Oklahoma CITY - Oklahoma taxpayers may never know the names of the companies and individuals who got tens of millions of state dollars without necessarily creating any state jobs under a tax incentive program, officials said Tuesday.

The Oklahoma Tax Commission has estimated that the state treasury lost $66 million during the 2005 calendar year under a venture Capital program for small businesses.

"The way the law is set up on many tax incentives, the companies are not public record unless that is specifically set out in the legislation. That is not the case with this incentive act," said Paula Ross, spokeswoman for the Tax Commission.

Details of abuse of the program were first reported by The Associated Press on March 8.

State Sen. Ted Fisher, D-Sapulpa, said the program "worked fine" the first several years it was in existence, creating jobs and costing the state about $2 million a year.

Fisher was a prime mover behind Oklahoma's Quality Jobs Act, a successful tax incentive program created in the 1990s and copied by several other states to attract high-paying jobs.

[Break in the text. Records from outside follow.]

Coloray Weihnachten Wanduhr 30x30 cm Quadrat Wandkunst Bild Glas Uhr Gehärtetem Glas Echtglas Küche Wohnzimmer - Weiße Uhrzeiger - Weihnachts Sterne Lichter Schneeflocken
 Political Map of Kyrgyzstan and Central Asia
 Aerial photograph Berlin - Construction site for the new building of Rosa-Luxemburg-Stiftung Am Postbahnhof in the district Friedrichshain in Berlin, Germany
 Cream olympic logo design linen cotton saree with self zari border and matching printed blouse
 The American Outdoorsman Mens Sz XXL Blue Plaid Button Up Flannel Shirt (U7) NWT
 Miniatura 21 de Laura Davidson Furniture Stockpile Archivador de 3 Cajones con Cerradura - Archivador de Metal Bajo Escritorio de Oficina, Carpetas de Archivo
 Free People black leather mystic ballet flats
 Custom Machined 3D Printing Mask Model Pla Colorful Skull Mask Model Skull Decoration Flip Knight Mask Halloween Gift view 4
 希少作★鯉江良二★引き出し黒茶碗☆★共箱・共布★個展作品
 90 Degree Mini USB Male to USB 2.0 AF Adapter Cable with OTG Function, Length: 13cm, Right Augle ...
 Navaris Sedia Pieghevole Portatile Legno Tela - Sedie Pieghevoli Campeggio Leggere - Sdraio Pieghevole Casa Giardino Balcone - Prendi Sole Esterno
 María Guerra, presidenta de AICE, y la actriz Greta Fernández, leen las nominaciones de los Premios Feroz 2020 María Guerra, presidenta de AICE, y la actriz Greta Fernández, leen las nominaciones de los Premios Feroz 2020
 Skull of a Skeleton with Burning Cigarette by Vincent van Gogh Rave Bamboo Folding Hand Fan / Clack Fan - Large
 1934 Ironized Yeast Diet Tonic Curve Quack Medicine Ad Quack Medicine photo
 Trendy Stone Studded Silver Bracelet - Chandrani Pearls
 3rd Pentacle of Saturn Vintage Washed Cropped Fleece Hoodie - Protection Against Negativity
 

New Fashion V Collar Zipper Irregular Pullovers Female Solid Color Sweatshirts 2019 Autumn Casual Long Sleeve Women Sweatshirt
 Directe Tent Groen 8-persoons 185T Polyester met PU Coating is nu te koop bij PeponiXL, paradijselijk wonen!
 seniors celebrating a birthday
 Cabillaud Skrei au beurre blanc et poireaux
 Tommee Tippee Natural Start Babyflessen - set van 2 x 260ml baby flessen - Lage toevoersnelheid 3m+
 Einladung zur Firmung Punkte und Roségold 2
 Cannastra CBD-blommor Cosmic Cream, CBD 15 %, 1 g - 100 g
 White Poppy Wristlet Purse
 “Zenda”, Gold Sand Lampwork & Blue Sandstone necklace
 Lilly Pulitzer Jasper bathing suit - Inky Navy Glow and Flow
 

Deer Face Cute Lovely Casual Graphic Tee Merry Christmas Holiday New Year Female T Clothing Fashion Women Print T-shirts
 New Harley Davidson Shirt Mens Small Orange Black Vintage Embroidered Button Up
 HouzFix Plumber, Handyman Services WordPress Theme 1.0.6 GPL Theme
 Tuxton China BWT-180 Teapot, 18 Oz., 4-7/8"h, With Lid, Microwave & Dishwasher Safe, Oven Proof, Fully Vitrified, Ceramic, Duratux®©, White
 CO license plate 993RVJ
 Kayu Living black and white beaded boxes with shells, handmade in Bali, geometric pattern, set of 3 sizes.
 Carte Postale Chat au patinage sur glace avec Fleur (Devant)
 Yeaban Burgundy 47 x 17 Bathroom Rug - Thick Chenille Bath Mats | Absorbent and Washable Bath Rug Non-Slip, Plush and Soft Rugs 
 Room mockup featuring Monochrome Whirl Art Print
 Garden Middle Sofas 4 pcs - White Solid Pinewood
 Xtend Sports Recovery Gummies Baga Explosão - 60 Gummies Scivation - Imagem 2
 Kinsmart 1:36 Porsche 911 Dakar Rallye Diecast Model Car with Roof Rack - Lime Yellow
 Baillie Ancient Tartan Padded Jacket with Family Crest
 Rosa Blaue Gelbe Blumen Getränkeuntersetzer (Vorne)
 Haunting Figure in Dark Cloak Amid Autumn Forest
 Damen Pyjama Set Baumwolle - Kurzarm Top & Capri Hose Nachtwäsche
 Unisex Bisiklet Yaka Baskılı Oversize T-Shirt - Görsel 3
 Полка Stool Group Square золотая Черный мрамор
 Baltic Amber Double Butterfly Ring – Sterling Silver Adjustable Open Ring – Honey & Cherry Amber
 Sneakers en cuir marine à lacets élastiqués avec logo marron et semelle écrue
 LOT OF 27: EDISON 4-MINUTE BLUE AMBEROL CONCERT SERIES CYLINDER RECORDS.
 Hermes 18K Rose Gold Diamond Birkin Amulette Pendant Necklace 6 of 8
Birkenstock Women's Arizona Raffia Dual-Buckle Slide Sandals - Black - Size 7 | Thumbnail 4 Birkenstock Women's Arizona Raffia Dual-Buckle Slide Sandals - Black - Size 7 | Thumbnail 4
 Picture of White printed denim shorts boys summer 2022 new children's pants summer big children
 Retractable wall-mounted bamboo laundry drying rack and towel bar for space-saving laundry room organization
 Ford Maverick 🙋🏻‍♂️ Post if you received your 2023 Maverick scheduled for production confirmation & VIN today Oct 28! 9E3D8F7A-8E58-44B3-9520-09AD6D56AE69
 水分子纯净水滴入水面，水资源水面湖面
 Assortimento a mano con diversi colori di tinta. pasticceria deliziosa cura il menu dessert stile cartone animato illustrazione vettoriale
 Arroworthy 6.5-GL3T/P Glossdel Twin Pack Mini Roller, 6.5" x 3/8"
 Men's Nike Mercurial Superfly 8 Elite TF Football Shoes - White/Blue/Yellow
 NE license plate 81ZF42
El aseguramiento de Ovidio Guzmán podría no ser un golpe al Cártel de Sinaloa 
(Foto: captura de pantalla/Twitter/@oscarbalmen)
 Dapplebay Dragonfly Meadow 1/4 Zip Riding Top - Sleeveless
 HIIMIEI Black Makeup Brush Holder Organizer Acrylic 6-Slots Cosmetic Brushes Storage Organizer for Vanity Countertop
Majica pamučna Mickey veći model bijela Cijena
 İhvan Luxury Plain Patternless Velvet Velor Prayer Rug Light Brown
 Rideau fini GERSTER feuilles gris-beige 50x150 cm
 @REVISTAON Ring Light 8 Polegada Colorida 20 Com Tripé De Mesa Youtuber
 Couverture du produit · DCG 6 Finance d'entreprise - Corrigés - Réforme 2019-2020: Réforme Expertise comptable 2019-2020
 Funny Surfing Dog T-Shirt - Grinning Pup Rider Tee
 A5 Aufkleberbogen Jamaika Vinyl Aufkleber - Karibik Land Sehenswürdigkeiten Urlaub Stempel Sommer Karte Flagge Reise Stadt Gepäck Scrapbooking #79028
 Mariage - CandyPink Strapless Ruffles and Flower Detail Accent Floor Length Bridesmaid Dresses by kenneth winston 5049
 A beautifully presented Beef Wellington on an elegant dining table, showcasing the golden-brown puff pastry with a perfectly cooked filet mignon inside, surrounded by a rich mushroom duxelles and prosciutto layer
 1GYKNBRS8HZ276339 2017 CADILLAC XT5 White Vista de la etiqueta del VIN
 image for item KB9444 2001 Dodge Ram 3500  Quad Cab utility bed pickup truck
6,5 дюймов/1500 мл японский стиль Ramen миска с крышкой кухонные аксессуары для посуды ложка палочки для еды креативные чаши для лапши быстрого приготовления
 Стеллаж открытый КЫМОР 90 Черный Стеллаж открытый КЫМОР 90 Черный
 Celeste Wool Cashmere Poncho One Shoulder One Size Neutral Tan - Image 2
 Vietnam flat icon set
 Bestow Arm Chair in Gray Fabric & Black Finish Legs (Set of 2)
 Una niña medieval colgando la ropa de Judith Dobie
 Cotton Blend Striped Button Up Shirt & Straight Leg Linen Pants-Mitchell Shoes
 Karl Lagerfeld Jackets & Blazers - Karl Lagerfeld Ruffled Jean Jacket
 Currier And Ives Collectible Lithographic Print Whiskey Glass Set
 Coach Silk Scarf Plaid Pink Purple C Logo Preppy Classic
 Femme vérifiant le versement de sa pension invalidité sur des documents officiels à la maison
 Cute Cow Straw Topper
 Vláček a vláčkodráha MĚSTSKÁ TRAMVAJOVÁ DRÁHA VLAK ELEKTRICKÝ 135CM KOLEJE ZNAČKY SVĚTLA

A spinoff program, designed to attract investors in small companies, led to unintended windfall profits for some investors who found a way to get around provisions that borrowed money not be used, Fisher said.

"Under the quality jobs act, we can give out the amount of money companies receive and the names of the companies that receive the incentive because it is set out as a public record in the statute," Ross said.

She said that was not the case in the spinoff program that now is the subject of controversy.

"Of course I was surprised," Fisher said of being informed that investors were making such large profits without the state realizing any economic benefit.

He said he sponsored the legislation "to attract investment in small businesses and in rural Oklahoma and it was working pretty much on an even keel until we found out that some very smart people had found a way to wire through it and, from my perspective, receive undue aggrandizement."

The Senate has passed a bill by Fisher that seeks to plug loopholes that permit investors to double their investment up front without creating jobs. He says the practice is not illegal under the law.

One thing Fisher said he wants put into the bill as it goes through the process is "full disclosure up front."

Rep. Odilia Dank, R-Oklahoma City, is the House author. She said the problem is just one example of legislators having to fix well-intentioned legislation that has gone awry.

"There's not enough accountability," Dank said. "With a lot of bills we pass, there are unintended consequences."

Under existing legislation, venture Capital investors qualify for a tax credit of 20 percent for startup funding of small companies. In economically depressed rural areas, the tax credit is 30 percent.

Some investors have found a way to apply these credits to a larger pot of money than the funds strictly intended for business startups.

One official calls it "a shell game" where layers of companies are created with the same board of directors, who buy certificates of deposit that are combined with invested funds to make huge tax credit profits.

In one example, a group of investors could invest $15 million initially in five different small businesses, combine that $15 with an $85 million certificate of deposit bought by a second company they control and get a 30 percent tax credit on the combined total of $100 million. That would amount to a $30 million profit up front, twice the amount of the original investment.

Ed note: This reads like the Scissortail tax credit scheme.